◆ What you should do:
Search the data for the string "Sale" and extract every line where it appears.

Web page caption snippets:
--------------------------------------------------

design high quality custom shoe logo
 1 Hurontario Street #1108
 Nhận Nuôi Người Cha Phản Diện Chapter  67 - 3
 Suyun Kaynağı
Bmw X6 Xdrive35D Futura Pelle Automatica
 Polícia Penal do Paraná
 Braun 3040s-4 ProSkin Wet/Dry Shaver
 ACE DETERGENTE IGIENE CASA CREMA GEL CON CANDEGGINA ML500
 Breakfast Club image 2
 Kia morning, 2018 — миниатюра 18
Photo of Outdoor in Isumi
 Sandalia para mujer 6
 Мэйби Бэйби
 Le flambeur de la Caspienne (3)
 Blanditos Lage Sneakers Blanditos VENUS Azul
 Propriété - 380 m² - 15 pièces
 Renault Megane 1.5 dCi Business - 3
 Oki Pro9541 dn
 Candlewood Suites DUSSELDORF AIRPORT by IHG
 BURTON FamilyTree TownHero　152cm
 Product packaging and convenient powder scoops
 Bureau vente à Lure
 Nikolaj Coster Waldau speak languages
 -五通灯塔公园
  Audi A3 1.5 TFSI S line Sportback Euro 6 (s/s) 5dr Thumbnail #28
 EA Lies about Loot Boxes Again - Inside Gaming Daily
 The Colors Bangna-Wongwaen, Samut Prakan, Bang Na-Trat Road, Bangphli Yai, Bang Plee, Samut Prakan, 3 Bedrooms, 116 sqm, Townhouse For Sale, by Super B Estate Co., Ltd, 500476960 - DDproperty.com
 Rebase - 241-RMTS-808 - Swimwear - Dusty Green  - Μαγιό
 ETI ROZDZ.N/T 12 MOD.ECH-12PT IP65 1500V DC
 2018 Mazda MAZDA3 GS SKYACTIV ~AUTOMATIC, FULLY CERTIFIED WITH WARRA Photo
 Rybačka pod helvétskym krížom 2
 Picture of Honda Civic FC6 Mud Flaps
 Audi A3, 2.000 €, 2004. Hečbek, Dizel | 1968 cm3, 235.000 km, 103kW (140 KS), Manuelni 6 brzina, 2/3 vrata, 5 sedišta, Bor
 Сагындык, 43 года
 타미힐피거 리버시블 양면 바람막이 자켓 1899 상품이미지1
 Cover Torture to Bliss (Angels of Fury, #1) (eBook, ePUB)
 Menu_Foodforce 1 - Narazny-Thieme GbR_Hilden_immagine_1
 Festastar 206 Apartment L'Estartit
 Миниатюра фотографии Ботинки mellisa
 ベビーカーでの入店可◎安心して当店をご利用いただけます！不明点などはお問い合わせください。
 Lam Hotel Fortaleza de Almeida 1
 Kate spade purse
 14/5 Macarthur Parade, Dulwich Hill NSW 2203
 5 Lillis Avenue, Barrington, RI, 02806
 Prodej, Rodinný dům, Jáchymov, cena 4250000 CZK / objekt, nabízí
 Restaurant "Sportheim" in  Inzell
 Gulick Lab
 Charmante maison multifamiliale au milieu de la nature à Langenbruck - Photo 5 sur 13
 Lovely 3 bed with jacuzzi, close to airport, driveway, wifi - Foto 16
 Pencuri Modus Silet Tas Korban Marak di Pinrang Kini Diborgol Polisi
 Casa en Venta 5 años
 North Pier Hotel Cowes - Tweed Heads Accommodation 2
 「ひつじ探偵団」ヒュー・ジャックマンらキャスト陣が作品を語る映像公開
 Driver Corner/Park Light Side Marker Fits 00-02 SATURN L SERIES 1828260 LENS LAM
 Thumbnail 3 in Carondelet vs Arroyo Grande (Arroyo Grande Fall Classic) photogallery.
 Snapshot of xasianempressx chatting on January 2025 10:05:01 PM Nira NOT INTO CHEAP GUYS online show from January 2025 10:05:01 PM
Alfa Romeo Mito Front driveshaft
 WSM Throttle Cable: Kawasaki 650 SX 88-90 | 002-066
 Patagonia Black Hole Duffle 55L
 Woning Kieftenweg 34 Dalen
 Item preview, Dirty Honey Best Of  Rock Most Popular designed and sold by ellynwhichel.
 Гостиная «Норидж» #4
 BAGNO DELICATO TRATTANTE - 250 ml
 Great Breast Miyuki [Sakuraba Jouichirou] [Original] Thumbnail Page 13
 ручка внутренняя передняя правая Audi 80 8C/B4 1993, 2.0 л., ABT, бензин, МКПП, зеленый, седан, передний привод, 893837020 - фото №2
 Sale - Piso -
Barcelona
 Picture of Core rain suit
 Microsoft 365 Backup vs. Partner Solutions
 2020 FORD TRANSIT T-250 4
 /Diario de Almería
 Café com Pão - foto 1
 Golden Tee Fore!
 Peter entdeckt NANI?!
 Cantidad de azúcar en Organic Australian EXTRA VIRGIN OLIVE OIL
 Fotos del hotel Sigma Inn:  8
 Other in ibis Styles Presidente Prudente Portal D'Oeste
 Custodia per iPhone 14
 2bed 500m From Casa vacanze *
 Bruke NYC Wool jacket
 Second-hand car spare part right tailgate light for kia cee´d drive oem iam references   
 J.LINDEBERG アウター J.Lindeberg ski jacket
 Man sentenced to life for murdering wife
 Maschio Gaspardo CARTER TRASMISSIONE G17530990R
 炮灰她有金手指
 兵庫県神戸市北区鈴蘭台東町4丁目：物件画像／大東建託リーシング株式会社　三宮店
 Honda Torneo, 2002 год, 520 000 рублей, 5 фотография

--------------------------------------------------

◆ Written answer:
 The Colors Bangna-Wongwaen, Samut Prakan, Bang Na-Trat Road, Bangphli Yai, Bang Plee, Samut Prakan, 3 Bedrooms, 116 sqm, Townhouse For Sale, by Super B Estate Co., Ltd, 500476960 - DDproperty.com
 Sale - Piso -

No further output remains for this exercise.